It is not enough to compute the slope and the offset. You should also calculate the error in the slope and in the offset from the scattering of the data. There are standard least squares formulas for doing this. In this case, the scatter is so large, I’d be surprised if the error was not similarly large. When the error is taken into account, you’d probably see that “no-change” is well within the error bar of the final result. Just a guess, mind you. I suspect the same to be the case with other results in climatology.

There is no “error” in objective measurement (except slight such from the actual).

What you are referring to is deviation.

The trend of the data is still very evident.

The standard deviation in this case is the measure of error. Every measurement in physics always has some error associated with it. In this case what you want to measure is the slope of a linear fit to the data that is otherwise strongly scattered. The scatter of the data determines the error in your estimate of the slope. How? The standard deviation in the slope is the error.
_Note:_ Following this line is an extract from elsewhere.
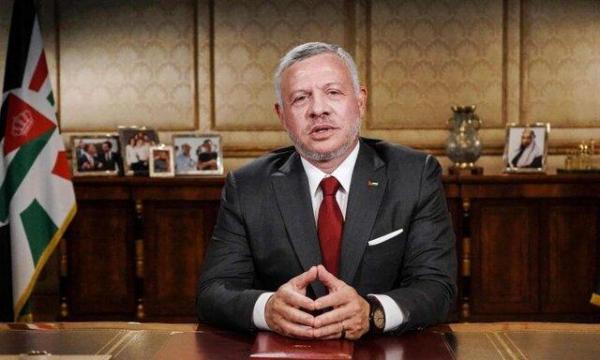 گفتگوی تلفنی معاون رئیس جمهور آمریکا با پادشاه اردن گفتگوی تلفنی معاون رئیس جمهور آمریکا با پادشاه اردن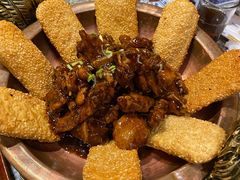 地锅小公鸡-南京大牌档(三阳广场苏宁店)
Error estimates is something that is notoriously lacking in all these discussions about climate–from all sides. For starters, we should look at how good is the hypothesis that the data is well described by a linear dependence to begin with. This is another source of the problem. The variation is not really linear at all. We should look at cycles instead. As it happens, people like Scafetta have done just this and found climate cycles perfectly matching with lunar/solar tidal interactions, as well as with the cyclic distortions of the Earth’s orbit by Jupiter and Saturn. The Earth climate system turns out to be highly sensitive to such interactions. Well, we know this, because we can observe ocean tides every day, as they react to the moon. A more careful analysis shows that the respective positions of the moon and the sun matter. So, the tides react to the sun as well. And we have known for centuries now that Jupiter does affect the Earth’s orbit in a way that is both computable (analytically) and measurable. The surprise is that this affects the Earth’s climate. But the cycles are there, clearly readable.